Firebrand Myanmar monk Wirathu released from prison

·3 min read

BANGKOK (AP) — A nationalist Buddhist monk in Myanmar notorious for anti-Muslim remarks was freed from prison on Monday after charges that he tried to stir up disaffection against the country's previous civilian government were dropped.

The monk, Wirathu, became prominent in 2012 after deadly riots broke out between Buddhists and ethnic minority Rohingya Muslims in the western state of Rakhine. He founded a nationalist organization that was accused of inciting violence against Muslims.

Muslims from other ethnic groups and in other areas also faced disrespect and occasional violence after Wirathu and his supporters launched their nationalist campaign. Time Magazine called Wirathu “The Face of Buddhist Terror” in a cover story in 2013.

Wirathu and his supporters were also successful in lobbying for laws making interfaith marriages difficult.

Par Mount Kha, another activist monk and friend of Wirathu, confirmed late Monday that the case had been dropped.

“I am 100% sure that Wirathu has been released. We welcome his release, ” he said.

People Media, an online news site, said it had received confirmation of Wirathu's release from Maj. Gen. Zaw Min Tun, a spokesman for the Myanmar military, known as the Tatmadaw.

“The case was closed and he was released this evening. Even though U Wirathu was released, he is still receiving medical treatment at the Tatmadaw Hospital,” it quoted Zaw Min Tun as saying.

No reason was given for dropping the case.

Wirathu had turned himself in for arrest last November after being a fugitive from justice since May 2019, when a court issued a warrant for his arrest under under a section of the penal code that criminalizes comments that “bring into hatred or contempt” or “excite disaffection against” the government.

The charge was brought by the Yangon Region government for remarks he made in early May 2019 that included crude insults of Aung San Suu Kyi, who was then Myanmar’s leader. Her government was ousted in February this year in a military takeover.

Wirathu was able to build upon widespread prejudice in Buddhist-majority Myanmar against the Rohingya Muslims, who are seen as having immigrated illegally from Bangladesh, even though many of their families have lived in Myanmar for generations.

In 2017, attacks by Rohingya militants on police posts triggered a brutal counterinsurgency campaign by the army that caused more than 700,000 Rohingya villagers to flee across the border to Bangladesh for safety.

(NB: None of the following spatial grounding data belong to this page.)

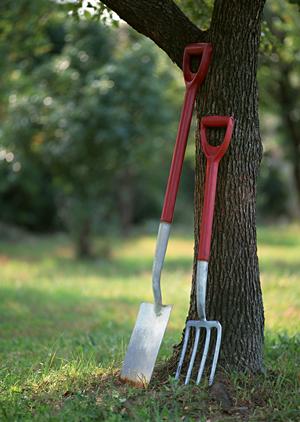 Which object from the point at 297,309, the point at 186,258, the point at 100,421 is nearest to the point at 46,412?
the point at 100,421

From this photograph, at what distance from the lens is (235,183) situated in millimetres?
3555

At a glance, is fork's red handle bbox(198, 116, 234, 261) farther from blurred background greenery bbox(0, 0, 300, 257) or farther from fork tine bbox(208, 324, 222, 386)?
blurred background greenery bbox(0, 0, 300, 257)

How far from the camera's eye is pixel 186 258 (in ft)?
42.6

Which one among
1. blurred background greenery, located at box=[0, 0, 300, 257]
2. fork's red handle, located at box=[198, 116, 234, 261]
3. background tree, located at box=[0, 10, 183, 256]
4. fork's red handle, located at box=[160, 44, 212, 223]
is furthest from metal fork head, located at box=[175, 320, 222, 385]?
background tree, located at box=[0, 10, 183, 256]

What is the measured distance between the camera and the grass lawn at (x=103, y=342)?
3174 millimetres

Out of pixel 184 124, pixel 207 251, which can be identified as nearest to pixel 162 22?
pixel 184 124

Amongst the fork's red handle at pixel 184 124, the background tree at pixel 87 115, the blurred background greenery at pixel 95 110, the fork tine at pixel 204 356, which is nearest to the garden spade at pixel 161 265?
the fork's red handle at pixel 184 124

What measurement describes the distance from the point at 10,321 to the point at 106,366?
2.73 metres

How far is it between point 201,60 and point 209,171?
2.01 ft

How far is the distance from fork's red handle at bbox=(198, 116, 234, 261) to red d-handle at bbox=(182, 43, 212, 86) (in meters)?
0.23

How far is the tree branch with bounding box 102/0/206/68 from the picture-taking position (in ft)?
11.8

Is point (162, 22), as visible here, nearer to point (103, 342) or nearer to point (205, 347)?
point (205, 347)

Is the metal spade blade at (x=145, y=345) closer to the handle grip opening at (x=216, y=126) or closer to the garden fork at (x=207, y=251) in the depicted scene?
the garden fork at (x=207, y=251)

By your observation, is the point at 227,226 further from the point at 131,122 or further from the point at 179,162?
the point at 131,122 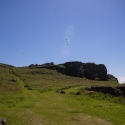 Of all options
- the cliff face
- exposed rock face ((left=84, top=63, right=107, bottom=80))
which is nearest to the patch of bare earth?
the cliff face

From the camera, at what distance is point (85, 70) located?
391 ft

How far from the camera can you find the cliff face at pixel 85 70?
114938mm

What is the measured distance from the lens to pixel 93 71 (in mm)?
121938

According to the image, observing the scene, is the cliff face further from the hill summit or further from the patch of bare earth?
the patch of bare earth

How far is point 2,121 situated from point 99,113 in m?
11.4

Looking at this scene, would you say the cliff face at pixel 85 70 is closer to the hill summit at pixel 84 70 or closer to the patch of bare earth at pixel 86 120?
the hill summit at pixel 84 70

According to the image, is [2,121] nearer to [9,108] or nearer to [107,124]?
[9,108]

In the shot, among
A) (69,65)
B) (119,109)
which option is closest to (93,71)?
(69,65)

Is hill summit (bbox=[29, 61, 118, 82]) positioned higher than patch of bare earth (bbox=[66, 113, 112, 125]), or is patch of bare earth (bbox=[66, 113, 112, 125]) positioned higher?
hill summit (bbox=[29, 61, 118, 82])

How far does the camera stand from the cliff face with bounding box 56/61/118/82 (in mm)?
114938

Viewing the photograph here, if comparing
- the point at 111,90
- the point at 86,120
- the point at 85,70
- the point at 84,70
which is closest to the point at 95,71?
the point at 85,70

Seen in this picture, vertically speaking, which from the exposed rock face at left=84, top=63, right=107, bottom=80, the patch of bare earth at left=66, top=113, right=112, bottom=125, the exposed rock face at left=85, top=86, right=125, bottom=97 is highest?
the exposed rock face at left=84, top=63, right=107, bottom=80

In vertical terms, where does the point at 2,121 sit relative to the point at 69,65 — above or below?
below

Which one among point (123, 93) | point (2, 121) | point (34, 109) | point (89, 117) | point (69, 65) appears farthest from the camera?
point (69, 65) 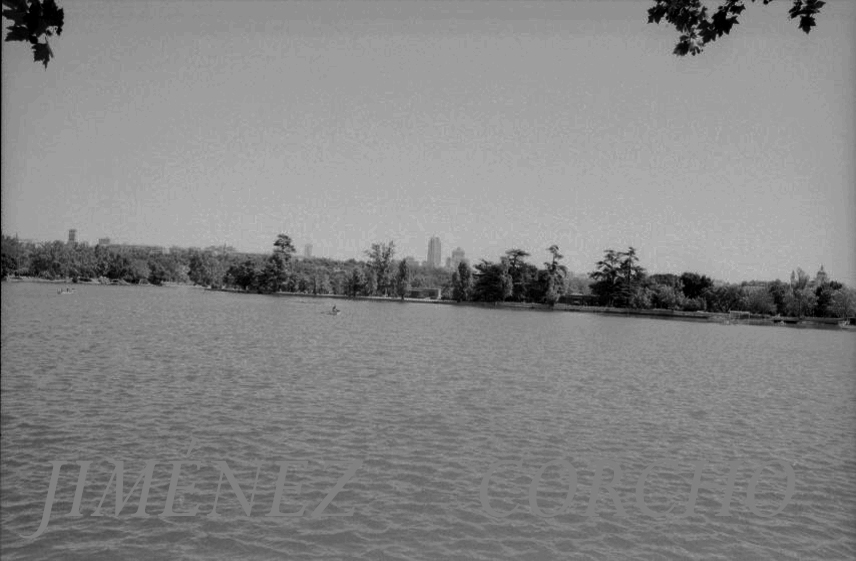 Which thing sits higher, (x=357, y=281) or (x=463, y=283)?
(x=463, y=283)

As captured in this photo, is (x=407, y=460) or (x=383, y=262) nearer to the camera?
(x=407, y=460)

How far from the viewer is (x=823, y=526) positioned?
31.6 ft

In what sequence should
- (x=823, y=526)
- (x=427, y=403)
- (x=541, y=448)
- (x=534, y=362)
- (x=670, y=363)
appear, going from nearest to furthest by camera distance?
(x=823, y=526) < (x=541, y=448) < (x=427, y=403) < (x=534, y=362) < (x=670, y=363)

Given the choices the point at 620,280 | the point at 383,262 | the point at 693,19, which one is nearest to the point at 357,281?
the point at 383,262

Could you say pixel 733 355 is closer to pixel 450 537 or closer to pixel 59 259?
pixel 450 537

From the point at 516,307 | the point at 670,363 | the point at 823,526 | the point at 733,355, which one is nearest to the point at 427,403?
the point at 823,526

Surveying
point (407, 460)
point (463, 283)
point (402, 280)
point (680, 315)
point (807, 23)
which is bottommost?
point (407, 460)

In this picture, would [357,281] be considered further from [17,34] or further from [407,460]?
[17,34]

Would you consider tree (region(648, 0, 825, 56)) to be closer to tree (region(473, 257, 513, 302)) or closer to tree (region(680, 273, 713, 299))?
tree (region(473, 257, 513, 302))

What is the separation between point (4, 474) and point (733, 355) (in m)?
39.3

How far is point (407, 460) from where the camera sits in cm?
1155

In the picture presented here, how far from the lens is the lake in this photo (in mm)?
8336

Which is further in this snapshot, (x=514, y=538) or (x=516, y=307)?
(x=516, y=307)

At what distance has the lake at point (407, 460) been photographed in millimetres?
8336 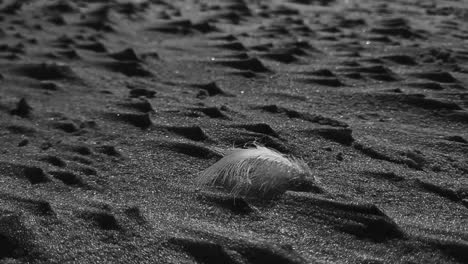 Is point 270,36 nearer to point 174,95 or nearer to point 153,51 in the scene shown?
point 153,51

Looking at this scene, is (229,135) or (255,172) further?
(229,135)

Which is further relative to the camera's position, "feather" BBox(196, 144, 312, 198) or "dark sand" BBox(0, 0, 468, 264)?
"feather" BBox(196, 144, 312, 198)

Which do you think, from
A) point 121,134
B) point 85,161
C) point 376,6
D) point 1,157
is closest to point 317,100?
point 121,134

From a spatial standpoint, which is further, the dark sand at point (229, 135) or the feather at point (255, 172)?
the feather at point (255, 172) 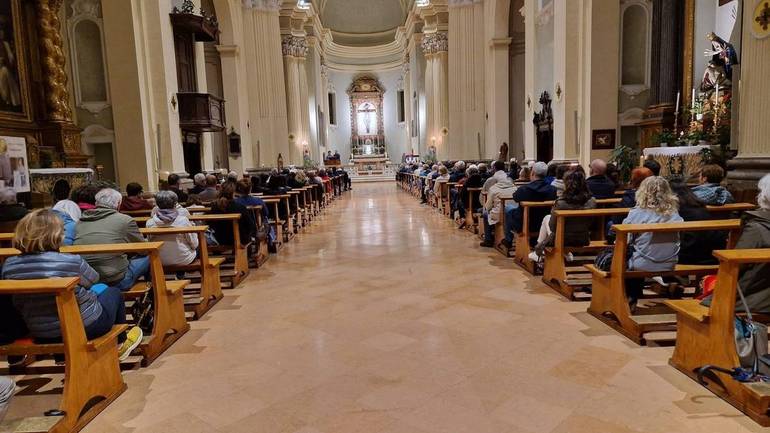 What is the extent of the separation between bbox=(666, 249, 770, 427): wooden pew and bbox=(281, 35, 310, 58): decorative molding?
21.2 metres

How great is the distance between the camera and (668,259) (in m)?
3.73

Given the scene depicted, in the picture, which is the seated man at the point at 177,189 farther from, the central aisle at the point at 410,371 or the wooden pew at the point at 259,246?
the central aisle at the point at 410,371

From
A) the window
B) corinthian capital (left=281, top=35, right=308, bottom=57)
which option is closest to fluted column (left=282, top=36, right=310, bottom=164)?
corinthian capital (left=281, top=35, right=308, bottom=57)

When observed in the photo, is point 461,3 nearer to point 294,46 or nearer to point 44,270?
point 294,46

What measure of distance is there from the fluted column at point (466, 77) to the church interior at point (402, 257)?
16.2ft

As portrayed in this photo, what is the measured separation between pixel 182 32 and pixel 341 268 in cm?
774

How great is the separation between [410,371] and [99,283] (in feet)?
7.38

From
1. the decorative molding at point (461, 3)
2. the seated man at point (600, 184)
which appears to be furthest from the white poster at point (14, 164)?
the decorative molding at point (461, 3)

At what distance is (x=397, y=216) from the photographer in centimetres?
1134

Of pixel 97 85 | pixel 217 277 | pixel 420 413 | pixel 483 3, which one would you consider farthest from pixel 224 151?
pixel 420 413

The Rohingya Muslims’ plight put the spotlight on Wirathu, who was accused of hate speech, and Facebook shuttered his account in 2018, However, he managed to stay on other social networks and gave speeches around the country. The National Monks Council banned him from giving public talks for a year, but its ruling was not tightly enforced.

Wirathu had a large following and was seen as maintaining close links with the military. But in a video released on social media while he was in prison, he complained bitterly about his treatment by the military-installed government.